What you should do
Please take the lines from the one holding "Cora Niele 'Yellow" through the one holding "Rosa 'Berkshire' (Ground Cover) 5L" in the data below and copy them exactly.

[Records from a data source]
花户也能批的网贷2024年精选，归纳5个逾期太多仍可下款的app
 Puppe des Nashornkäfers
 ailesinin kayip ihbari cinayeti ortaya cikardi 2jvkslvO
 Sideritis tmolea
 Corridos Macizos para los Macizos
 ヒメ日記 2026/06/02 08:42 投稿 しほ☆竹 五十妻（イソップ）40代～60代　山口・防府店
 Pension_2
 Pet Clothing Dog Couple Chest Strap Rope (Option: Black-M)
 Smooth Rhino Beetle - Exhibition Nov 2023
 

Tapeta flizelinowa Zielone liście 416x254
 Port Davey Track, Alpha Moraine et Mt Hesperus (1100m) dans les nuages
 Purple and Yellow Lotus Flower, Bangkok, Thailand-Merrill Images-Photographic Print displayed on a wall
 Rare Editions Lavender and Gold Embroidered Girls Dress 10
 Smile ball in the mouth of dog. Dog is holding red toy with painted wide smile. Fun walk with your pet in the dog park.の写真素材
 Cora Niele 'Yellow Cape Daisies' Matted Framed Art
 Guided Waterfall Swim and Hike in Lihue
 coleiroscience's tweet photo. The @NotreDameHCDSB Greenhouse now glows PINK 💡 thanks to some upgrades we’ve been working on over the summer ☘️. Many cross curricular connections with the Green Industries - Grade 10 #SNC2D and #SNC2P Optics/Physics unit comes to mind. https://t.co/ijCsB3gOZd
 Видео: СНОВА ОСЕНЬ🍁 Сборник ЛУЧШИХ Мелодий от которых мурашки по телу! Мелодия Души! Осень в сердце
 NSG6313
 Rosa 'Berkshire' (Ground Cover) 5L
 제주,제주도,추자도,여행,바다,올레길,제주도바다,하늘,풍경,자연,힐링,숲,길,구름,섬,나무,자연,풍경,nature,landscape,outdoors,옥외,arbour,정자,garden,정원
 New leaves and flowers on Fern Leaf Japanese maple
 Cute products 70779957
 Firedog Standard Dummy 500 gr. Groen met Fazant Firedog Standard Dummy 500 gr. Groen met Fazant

Task output
 Cora Niele 'Yellow Cape Daisies' Matted Framed Art
 Guided Waterfall Swim and Hike in Lihue
 coleiroscience's tweet photo. The @NotreDameHCDSB Greenhouse now glows PINK 💡 thanks to some upgrades we’ve been working on over the summer ☘️. Many cross curricular connections with the Green Industries - Grade 10 #SNC2D and #SNC2P Optics/Physics unit comes to mind. https://t.co/ijCsB3gOZd
 Видео: СНОВА ОСЕНЬ🍁 Сборник ЛУЧШИХ Мелодий от которых мурашки по телу! Мелодия Души! Осень в сердце
 NSG6313
 Rosa 'Berkshire' (Ground Cover) 5L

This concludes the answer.